Com isso, o Cade entendeu que não houve prática de gun jumping — termo que define uma operação econômica realizada antes da devida autorização do órgão antitruste — e afirmou que as companhias teriam até dois anos para submeter o contrato à análise formal.

“Os números, porém, mostram que houve impactos concorrenciais. Na verdade, as duas empresas vêm coordenando suas malhas desde maio de 2024, o que tem eliminado um dos concorrentes de forma efetiva ou potencial (a depender das rotas). É fato, logo, que houve gun jumping”, ressalta  Cristiane no texto. “A Gol e a Azul vêm reduzindo suas rotas, retirando sobreposições. Isso é perceptível para o usuário e pode ser observado pela Plataforma Diio/Cirium. Elas reduziram a oferta de 14.564 voos para 12.986 em 40 rotas (queda de 11%)”, observa. Trata-se, segundo especialistas do setor, de um clássico caso de gun jumping, uma joint venture disfarçada, cujos efeitos já são percebidos pelo consumidor.

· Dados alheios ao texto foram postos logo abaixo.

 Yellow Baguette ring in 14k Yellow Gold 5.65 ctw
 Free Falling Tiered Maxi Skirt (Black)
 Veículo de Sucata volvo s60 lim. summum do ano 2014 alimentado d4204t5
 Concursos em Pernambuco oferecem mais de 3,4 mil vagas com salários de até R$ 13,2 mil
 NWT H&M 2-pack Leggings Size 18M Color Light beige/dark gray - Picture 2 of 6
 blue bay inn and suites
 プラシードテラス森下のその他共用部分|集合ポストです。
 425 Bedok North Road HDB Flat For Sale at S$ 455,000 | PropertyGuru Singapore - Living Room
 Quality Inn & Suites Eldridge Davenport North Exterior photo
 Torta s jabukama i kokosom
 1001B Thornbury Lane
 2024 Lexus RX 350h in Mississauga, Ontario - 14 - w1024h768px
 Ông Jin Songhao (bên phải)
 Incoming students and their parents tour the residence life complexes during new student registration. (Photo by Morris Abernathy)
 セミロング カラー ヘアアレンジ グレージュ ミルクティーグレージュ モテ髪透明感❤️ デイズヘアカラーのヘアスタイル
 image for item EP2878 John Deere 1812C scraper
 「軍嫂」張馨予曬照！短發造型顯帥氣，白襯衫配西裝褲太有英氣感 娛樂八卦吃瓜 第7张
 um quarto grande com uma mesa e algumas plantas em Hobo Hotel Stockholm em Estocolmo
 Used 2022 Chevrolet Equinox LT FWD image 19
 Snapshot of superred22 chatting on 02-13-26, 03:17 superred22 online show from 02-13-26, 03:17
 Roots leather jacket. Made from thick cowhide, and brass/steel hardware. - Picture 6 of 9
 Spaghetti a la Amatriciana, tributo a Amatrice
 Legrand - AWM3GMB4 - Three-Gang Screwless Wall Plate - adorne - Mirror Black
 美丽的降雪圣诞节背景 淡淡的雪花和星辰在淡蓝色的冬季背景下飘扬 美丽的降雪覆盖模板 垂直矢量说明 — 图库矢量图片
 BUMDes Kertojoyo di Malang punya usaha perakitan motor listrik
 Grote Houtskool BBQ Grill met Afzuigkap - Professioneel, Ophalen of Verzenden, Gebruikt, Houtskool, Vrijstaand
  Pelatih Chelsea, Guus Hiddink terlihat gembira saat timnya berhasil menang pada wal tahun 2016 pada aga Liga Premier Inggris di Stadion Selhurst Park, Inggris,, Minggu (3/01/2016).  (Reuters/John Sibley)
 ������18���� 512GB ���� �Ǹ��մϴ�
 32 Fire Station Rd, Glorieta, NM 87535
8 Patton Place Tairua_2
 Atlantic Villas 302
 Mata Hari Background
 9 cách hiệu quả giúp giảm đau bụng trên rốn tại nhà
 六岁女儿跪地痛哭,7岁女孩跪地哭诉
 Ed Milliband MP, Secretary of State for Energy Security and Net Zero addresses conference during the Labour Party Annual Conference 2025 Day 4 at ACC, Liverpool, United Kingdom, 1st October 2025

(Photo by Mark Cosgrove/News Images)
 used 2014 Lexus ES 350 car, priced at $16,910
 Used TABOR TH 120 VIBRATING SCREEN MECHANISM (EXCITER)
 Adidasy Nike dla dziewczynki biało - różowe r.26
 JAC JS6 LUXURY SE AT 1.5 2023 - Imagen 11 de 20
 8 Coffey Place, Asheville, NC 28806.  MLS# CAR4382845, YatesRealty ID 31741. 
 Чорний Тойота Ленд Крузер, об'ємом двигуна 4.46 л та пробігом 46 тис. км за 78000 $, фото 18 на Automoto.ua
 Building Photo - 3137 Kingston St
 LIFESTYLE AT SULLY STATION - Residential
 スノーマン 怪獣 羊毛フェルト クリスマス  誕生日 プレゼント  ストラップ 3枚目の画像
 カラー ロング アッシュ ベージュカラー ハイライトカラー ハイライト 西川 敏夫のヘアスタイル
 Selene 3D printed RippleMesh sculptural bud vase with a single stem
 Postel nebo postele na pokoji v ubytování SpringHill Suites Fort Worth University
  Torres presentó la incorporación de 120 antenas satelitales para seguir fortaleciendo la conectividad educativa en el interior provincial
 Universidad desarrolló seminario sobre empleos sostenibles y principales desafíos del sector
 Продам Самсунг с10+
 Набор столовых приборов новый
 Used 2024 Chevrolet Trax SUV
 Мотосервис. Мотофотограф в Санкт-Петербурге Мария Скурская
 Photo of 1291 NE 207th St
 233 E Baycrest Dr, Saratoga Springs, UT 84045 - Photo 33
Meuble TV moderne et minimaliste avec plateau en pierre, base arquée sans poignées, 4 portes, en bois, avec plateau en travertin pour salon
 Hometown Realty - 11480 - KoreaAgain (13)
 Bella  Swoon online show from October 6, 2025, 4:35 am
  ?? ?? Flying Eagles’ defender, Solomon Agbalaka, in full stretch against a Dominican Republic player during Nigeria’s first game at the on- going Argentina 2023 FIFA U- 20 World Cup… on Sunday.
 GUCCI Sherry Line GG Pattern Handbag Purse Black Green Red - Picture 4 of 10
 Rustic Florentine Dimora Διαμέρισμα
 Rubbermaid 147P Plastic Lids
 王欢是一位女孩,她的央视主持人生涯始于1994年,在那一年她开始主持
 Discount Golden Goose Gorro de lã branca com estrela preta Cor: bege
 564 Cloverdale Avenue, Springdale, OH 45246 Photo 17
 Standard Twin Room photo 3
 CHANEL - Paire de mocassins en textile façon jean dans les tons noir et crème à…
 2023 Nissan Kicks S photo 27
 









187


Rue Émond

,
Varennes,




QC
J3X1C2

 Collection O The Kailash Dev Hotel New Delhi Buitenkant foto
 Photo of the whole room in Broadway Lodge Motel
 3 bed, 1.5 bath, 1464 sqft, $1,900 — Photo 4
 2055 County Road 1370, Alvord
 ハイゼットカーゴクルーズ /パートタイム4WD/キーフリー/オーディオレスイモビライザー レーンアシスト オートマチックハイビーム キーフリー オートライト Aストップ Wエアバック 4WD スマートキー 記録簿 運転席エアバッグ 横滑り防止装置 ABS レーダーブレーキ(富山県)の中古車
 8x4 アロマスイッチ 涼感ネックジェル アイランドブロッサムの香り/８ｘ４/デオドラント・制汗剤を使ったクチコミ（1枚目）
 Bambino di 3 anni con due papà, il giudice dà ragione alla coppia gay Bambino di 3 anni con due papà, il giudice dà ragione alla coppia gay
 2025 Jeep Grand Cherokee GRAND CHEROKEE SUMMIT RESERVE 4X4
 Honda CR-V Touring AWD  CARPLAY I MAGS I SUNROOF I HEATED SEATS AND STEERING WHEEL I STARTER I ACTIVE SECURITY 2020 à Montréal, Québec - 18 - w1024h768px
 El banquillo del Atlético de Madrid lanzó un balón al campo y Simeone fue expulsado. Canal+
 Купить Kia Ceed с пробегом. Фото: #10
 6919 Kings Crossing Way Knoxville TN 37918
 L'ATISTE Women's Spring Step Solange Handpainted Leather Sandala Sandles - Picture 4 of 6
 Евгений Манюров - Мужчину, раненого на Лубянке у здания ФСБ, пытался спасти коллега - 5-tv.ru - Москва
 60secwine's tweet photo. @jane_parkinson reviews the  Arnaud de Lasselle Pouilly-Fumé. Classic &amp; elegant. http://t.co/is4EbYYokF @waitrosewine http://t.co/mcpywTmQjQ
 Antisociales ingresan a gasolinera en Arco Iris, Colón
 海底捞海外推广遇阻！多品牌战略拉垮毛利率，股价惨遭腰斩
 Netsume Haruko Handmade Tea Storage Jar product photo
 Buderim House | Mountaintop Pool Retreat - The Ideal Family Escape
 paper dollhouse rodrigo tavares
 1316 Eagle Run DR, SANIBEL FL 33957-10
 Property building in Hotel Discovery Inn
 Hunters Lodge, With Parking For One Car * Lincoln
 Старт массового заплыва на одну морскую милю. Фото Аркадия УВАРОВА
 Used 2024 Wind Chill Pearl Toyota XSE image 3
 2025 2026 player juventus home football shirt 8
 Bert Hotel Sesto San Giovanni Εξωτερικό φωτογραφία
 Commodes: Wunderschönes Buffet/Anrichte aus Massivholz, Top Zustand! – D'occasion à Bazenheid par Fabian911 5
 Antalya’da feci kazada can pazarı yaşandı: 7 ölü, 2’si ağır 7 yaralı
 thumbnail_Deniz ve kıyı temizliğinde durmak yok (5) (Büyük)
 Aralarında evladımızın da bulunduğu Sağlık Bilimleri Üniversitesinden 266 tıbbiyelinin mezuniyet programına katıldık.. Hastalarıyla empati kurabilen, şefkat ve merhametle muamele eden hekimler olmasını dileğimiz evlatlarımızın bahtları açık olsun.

Dados da Diio/Cirium revelam que, em 40 rotas analisadas, a oferta conjunta de voos pelas duas empresas caiu de 14.564 para 12.986 — uma redução de 11%. Essa retração é visível nas escolhas estratégicas de cada empresa: a Azul, por exemplo, abandonou a rota Congonhas–Caldas Novas, além dos trechos Campina Grande–Salvador, Galeão–Guarulhos e Galeão–Maceió, todos agora exclusivamente atendidos pela Gol.

Ainda conforme Cristiane, a Gol reduziu drasticamente sua presença em aeroportos onde a Azul é dominante. Em Confins (MG), deixou de operar voos para destinos como Recife, Maceió, João Pessoa, Natal e São Luís, entregando todas essas rotas à concorrente. Em Viracopos (SP), principal hub da Azul, a companhia cortou pela metade sua operação. Um exemplo emblemático ocorreu em dezembro de 2024: dos 116 voos programados entre Viracopos e Brasília, apenas 50 foram efetivamente operados pela Gol. Em outras rotas, como Salvador–Vitória da Conquista, a Gol também recuou, deixando o espaço exclusivamente à Azul.

“Essa movimentação representa mais do que uma simples reorganização de malhas: ao eliminar a concorrência potencial, as empresas suprimem o estímulo à inovação e à moderação de preços. Além disso, reduzir a sobreposição foi uma estratégia audaciosa perante o Cade, que não é bobo. Ao assinar um Memorando de Entendimento (Mou) em janeiro deste ano, elas indicaram para uma possível fusão, com concentração de 60% do mercado”, observa a economista. 

Ainda segundo ela, “no futuro, quando notificarem a fusão à autarquia, elas argumentarão que o ato não traz concentração relevante, o que ensejaria uma aprovação pela autarquia. O problema é que o efeito negativo no bem-estar do brasileiro já está em curso desde 23/5/2024. Há solução, todavia. Se o Cade optar por proteger o consumidor brasileiro, a autarquia pode aceitar que houve gun jumping e, mais tarde, negar a fusão dessas empresas”.